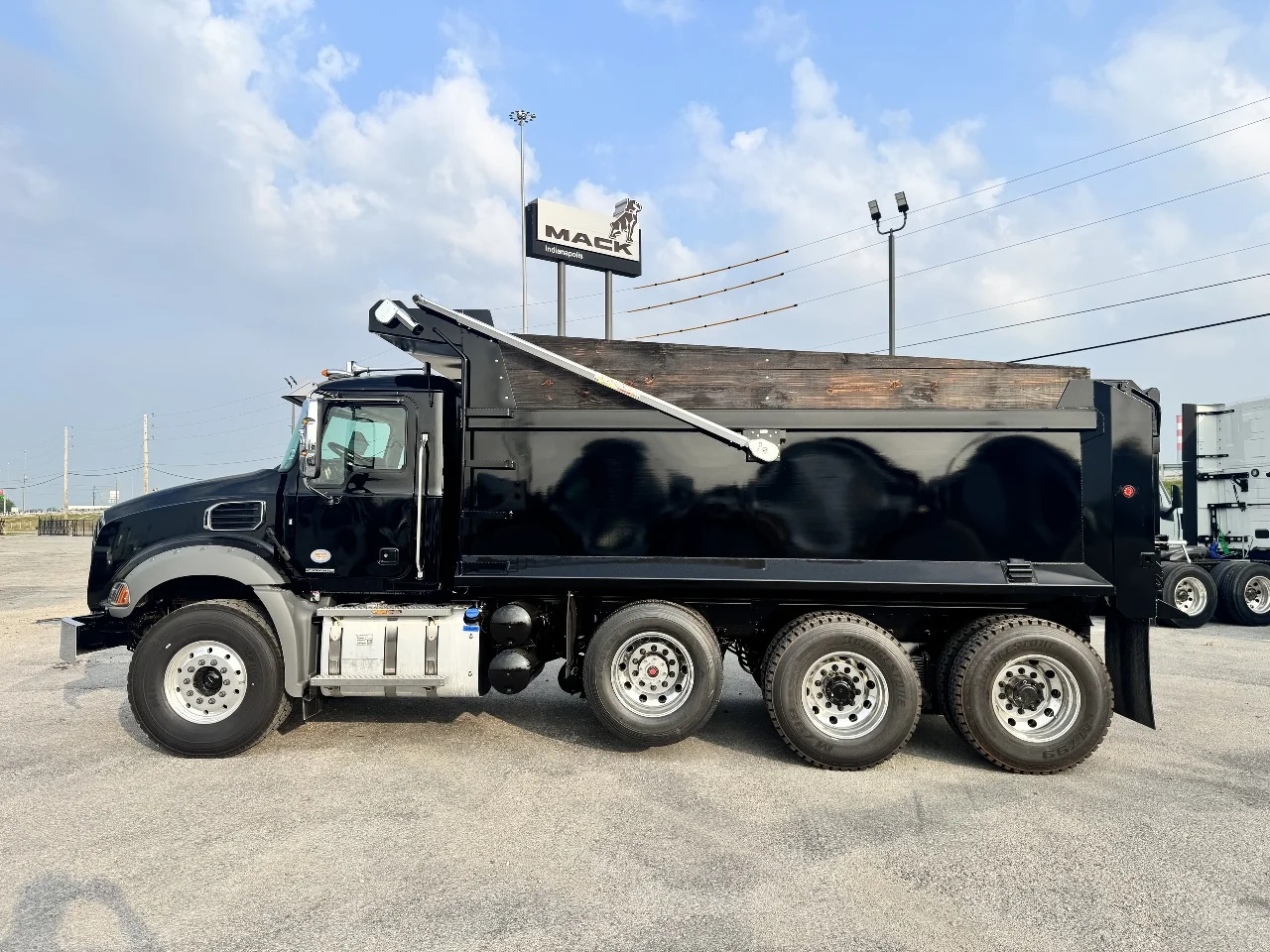 2027 Mack in Indianapolis, IN — photo 8
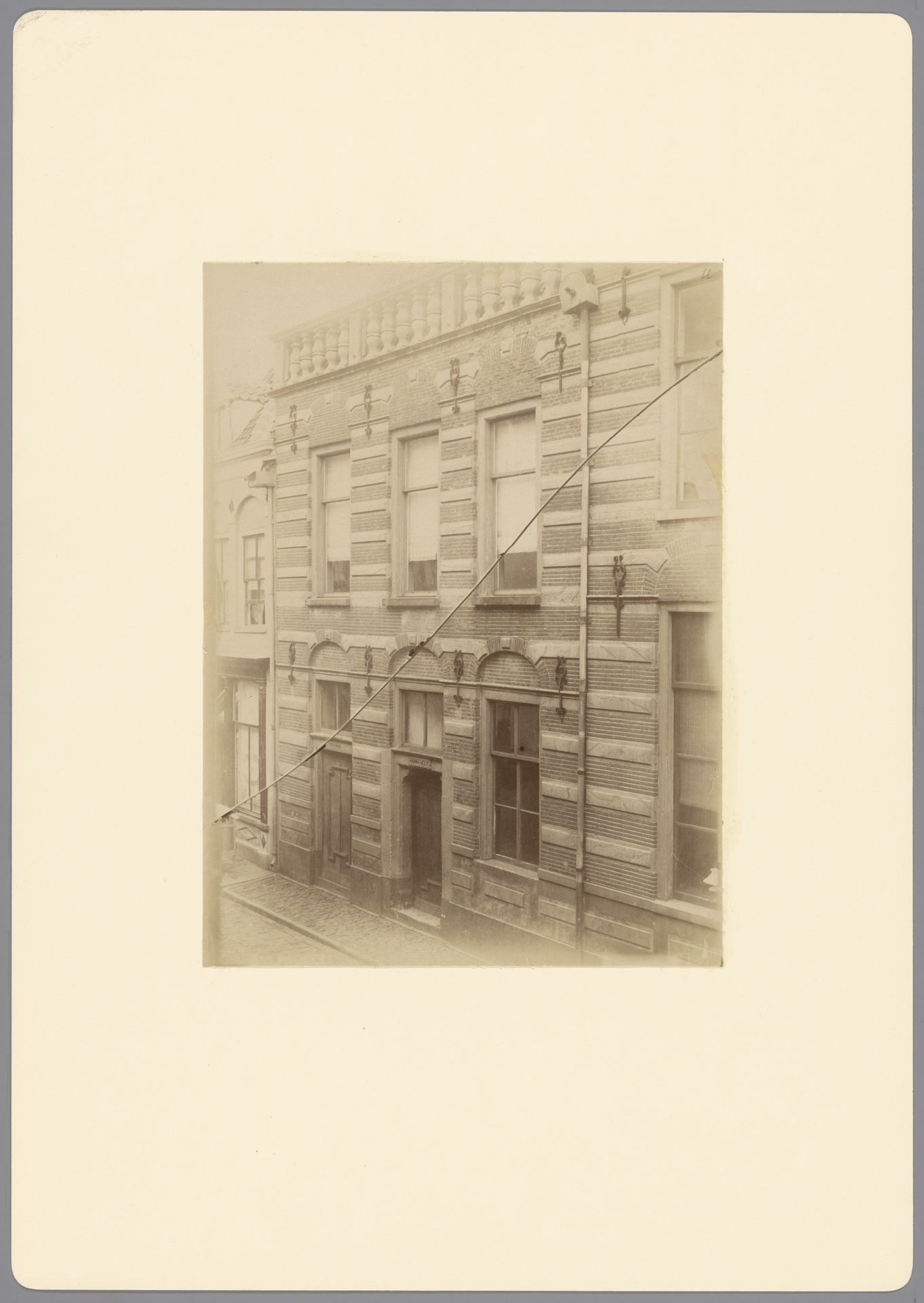 Zijaanzicht van het stadhuis van Hattem by anoniem (Monumentenzorg)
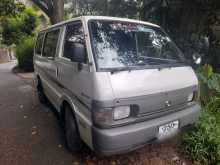 Mazda BONGO 1993 Van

◆ **Activity**:
Write the material above out again exactly. Omit every image.

◆ **Solution for this task**:
 2027 Mack in Indianapolis, IN — photo 8
 Zijaanzicht van het stadhuis van Hattem by anoniem (Monumentenzorg)
 Mazda BONGO 1993 Van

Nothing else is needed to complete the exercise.